We see that the Fed's delayed decision, along with receding external (event) risks, will pave the way for the Reserve Bank of India (RBI) to cut the repo rate by 25 basis points (bps) later this month. (Repo rate is the rate at which RBI lends money to commercial banks in the event of any shortfall of funds.) The Fed said it 'is monitoring developments abroad' to see if the fundamental outlook changes over time. The focus will be mainly on the Chinese market. Of all the growth generated by the US, Europe, Japan, and Asia, over the past five years, 50 per cent has come from China alone. India seems well-placed to handle a globally volatile scenario.
How do you see events unfolding in China, and its impact on the world and India?
A slowdown in China will have an impact on the rest of the world. It is too early to arrive at a conclusion on the events unfolding in China. The impact will majorly be due to the size of the Chinese economy, its rapid growth, and the model China adopted during the early stages of its rising economy. But, we do not think China is headed for an abrupt slowdown.
The markets have been quite volatile due to uncertainties.
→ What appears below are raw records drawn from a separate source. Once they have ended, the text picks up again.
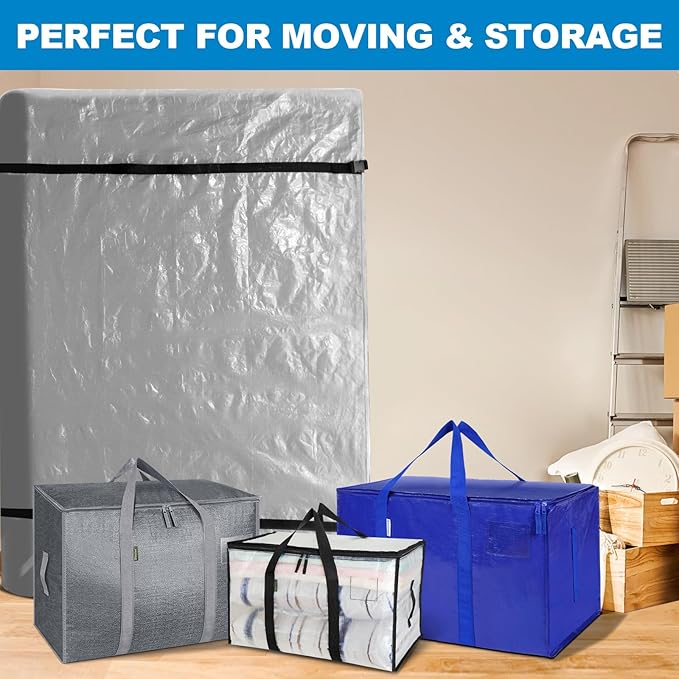 TICONN Mattress Bags for Moving, Heavy Duty Full Mattress Cover Storage Bag with Full-Around Handle and Adjustable Buckles (Gray, Full)
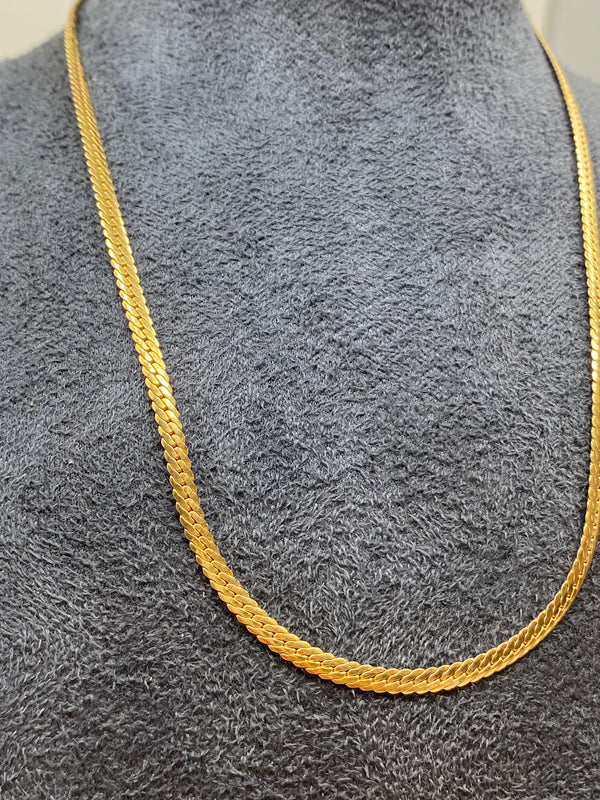 Snake Style Chain - Sterling Silver Gold Plated
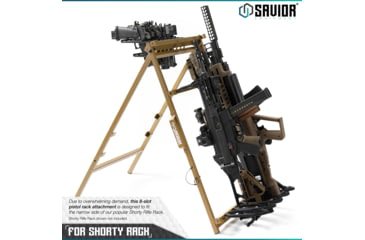Image of Savior Equipment Pistol Rack Attachment for Shorty Rifle Rack - 8 Slots, Tan, Tan, 22in x 7in x 3in, RK-SBR9-ACC-8PIS-TN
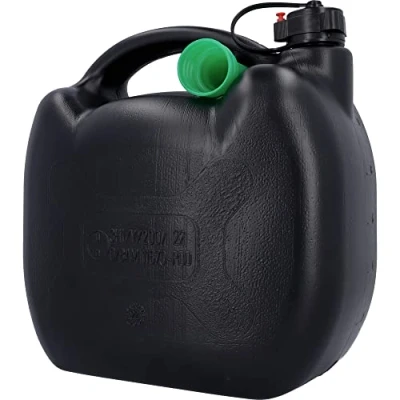 Afbeelding van Jerrycan voor alle soorten brandstof, met VN goedkeuring, inclusief schenktuit, kunststof, zwart, 5 l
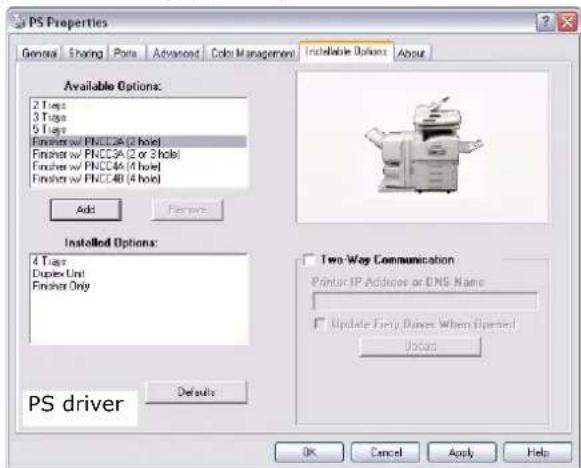 PS Properties General Sharing Ports Advanced Color Management Installable Options About Available Options: 2 Tages 3 Tages 5 Tages Finisher w/ FNCCCA (2 hole) Finisher w/ FNCCCA (2 or 2 hole) Finisher w/ FNCCMA (4 hole) Finisher w/ FNCC40 (4 hole) Add Features Installed Options: 4 Tages Duplex Unit…
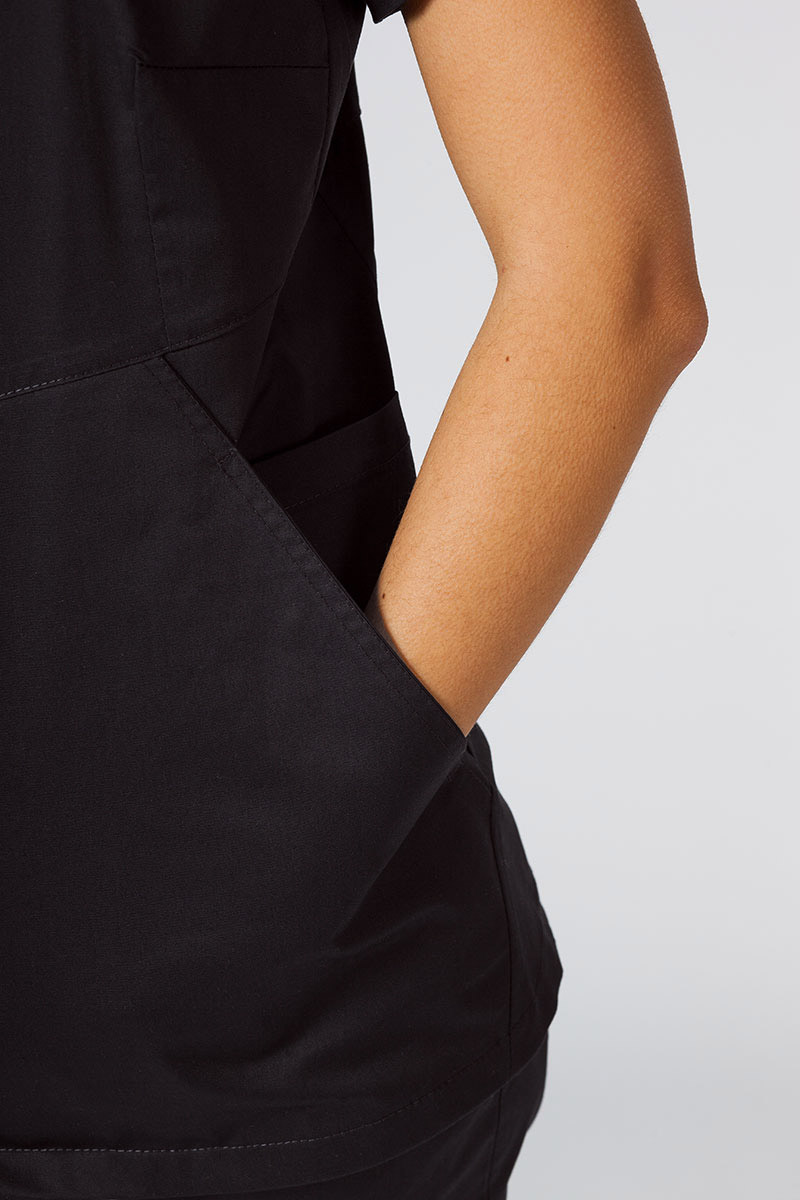 Bluza medyczna damska Sunrise Uniforms Active Kangaroo czarna-1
Brokerages have also lowered their earnings and Sensex/Nifty targets. How is DBS looking at it?
The market turmoil is nothing to worry about. From India's perspective, the global economy remaining soft is not a bad thing. From a slightly longer-term perspective, lower commodity prices are good for consumption. After every crisis, people will start pricing risk properly. I don't think there is a perfect kind of scenario.
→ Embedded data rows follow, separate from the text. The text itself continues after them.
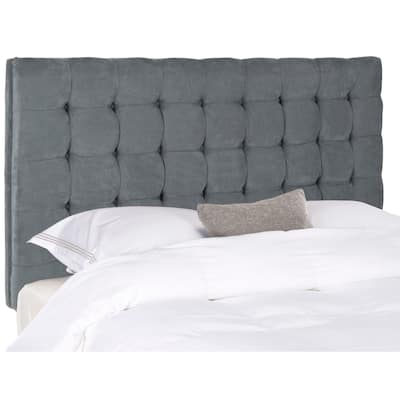 SAFAVIEH Kiana Steel Blue Velvet Upholstered Tufted Headboard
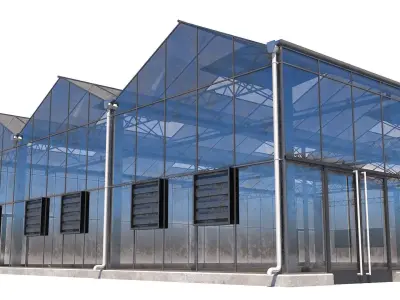 Greenhouse with two windows Low-poly 3D model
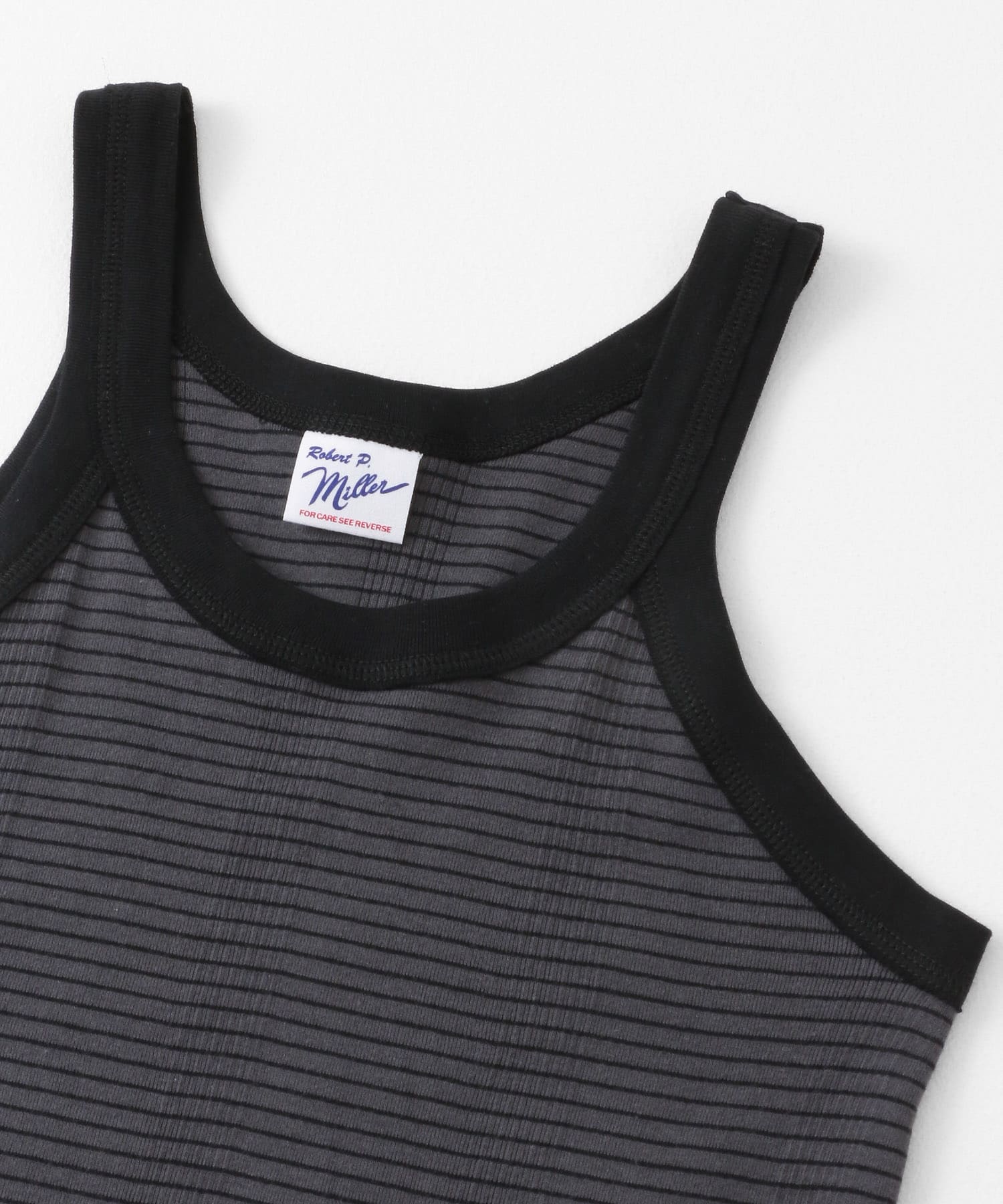 Miller　PanelribbedAthletic tank CGY×BK FREE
There is going to be a re-assessment of where the money is going to go. And, markets are not going to go away because the economy is weak, as global central banks have become pretty smart in terms of managing these crises. The world is not going to fall apart. But, stability in developed and developing economies is needed. Markets could go down five per cent, and, on the upside, 15 to 20 per cent. I am more optimistic.
The government's focus on increasing investment in infrastructure doesn't seem to reflect in the numbers. How do you see that? When do you expect investments to pick up pace?
At least anecdotally, what you hear from the ground, there is movement. The amount of highways being built today is much more than what were being built 24 months ago. Even in railways, there is an effort being made to clean up. There is no rocket science about this. However, some of it is about good governance. From what I understand, there is a lot of resistance. What we need to do is start increasing productivity. But, beyond a point, you can't, unless there is significant investment in growth. The benefits of those won't come soon.
These are long-term results we have to wait for. It's a tough thing. Prioritising problems is essential. If you don't execute these priorities, why will anyone invest in the country?
In the economy, which sectors are on the edge?
Commodities, especially minerals and metals, and banking continue to be one of those hammered by the stock markets. Those sectors will continue to face stress. But, given the price reductions, it's a great opportunity to invest in them.
Your take on policy rates? When do you see rates coming down?
The RBI did 75-bp worth of rate cuts in the first half of 2015. The outlook for the second half was clouded by the US central bank's rate direction and the fallout from a weak monsoon. These risks have fallen modestly and provide a window for two more 25-bp rate cuts within this financial year, the first of which we expect this month.
Broadly, there is growth potential in India. So, I continue to remain optimistic, but we need to improve our costs, essential for a sustained low-inflation environment.